Night’s candles are burnt out, and jocund day stands tiptoe on the misty mountain tops.
Spanish life is not always likeable but it is compellingly loveable.
– Christopher Howse: ‘A Pilgrim in Spain’
Cosas de España/Galiza
Covid: Spain’s overall incidence rate has jumped 470 per 100,000 inhabitants for the past 14 days – still well over the ‘extreme risk’ level of 250. The incidence rate is at its highest in Catalonia (1,068), Castilla y León (779) and Navarra (700). As of next week, we’ll be able to buy antigen tests in pharmacies without a prescription from our GP.
Some busting of traffic fine myths here.
Talking of travelling . . . Returning from a short Camino walk yesterday, I paid for our tickets on the train, as there was no office at the station.
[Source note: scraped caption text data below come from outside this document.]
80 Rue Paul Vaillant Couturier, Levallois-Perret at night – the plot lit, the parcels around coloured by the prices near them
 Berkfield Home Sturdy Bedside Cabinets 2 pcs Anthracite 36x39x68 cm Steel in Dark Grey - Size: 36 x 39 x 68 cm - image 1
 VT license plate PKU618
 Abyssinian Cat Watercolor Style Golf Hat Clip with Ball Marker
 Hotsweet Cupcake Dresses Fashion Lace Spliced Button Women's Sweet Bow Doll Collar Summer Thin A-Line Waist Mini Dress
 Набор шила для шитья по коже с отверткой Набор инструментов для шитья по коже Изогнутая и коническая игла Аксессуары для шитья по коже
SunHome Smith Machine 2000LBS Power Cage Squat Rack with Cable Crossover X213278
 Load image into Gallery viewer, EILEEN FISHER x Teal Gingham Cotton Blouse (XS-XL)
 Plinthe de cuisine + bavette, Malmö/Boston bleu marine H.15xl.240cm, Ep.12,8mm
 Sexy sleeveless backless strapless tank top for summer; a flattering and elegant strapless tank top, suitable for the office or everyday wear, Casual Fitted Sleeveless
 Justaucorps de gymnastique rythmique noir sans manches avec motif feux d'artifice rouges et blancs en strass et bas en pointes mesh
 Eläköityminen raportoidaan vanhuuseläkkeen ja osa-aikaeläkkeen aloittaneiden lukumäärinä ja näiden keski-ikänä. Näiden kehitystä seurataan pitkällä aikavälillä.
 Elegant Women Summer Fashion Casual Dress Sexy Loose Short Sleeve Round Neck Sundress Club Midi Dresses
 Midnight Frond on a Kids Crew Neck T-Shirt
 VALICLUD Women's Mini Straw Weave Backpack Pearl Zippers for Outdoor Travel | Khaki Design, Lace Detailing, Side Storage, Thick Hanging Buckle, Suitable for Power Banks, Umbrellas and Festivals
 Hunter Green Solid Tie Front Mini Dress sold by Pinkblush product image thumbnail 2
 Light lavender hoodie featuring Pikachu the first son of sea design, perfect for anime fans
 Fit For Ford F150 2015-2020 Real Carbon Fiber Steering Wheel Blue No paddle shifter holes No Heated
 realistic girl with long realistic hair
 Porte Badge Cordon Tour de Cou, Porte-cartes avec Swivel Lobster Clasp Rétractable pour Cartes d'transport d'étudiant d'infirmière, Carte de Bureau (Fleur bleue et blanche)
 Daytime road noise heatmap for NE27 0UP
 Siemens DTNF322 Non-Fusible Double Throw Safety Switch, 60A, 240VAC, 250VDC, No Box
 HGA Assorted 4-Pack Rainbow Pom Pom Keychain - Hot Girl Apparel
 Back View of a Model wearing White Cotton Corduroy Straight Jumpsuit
I offered my discount card and helpfully pointed out that I was the old one. The ticket-collector (el revisor) took our phone numbers, printed out a receipt and then insisted – with a laugh – that I look at it. He’d put me down as a child, which might have been even cheaper than the one I was entitled to. So we all had a good laugh.
AEP is once again unimpressed with an EU initiative: Europe picks a fight with the whole world by going for green protectionism. The EU’s carbon border tax plan is an attempt by the bloc to impose its political agenda on everybody by unilateral means. See below.
A surprise . . . More Americans Watched the Euro 2020 Soccer Final on TV Than the NBA Finals. The stat is a testament to soccer’s growing popularity in the United States, more than it is a knock on the NBA.
Quote of the Day
Kurt Vonnegut, Jr.: I say in speeches that a plausible mission of artists is to make people appreciate being alive at least a little bit. If I am then asked if I know of any artists who pulled that off. I reply, ‘The Beatles did’. Very true, both generally and specifically. There are other groups.
For those Americans who wonder why Brits say ‘queue’ instead of ’line’ . . . Since being borrowed into English in the 1470s, ‘queue’ has had a lot of meanings: it could refer to a band of parchment, a line of dancers, a plait of hair, the long end of a string instrument, a cask, the bottom part of a lance, or the tail of a beast in heraldry. All of these definitions have something to do with length, and that last one is closest to their origin in Old French ‘coe’ or ‘cue’, meaning ‘tail’ (or, colloquially, ‘penis’).That’s from Latin ‘cauda’, meaning ‘tail’, and we can trace it back to Proto-Italic ‘kauda’ and Proto-Indo-European ‘khu’, meaning ‘cleaved’. Or ‘cloven’, I guess.
Finally . . ,
The sacred tortilla: The Guardian claims here that the with-onions-faction has finally won the age-old war against the without-onions faction. As if.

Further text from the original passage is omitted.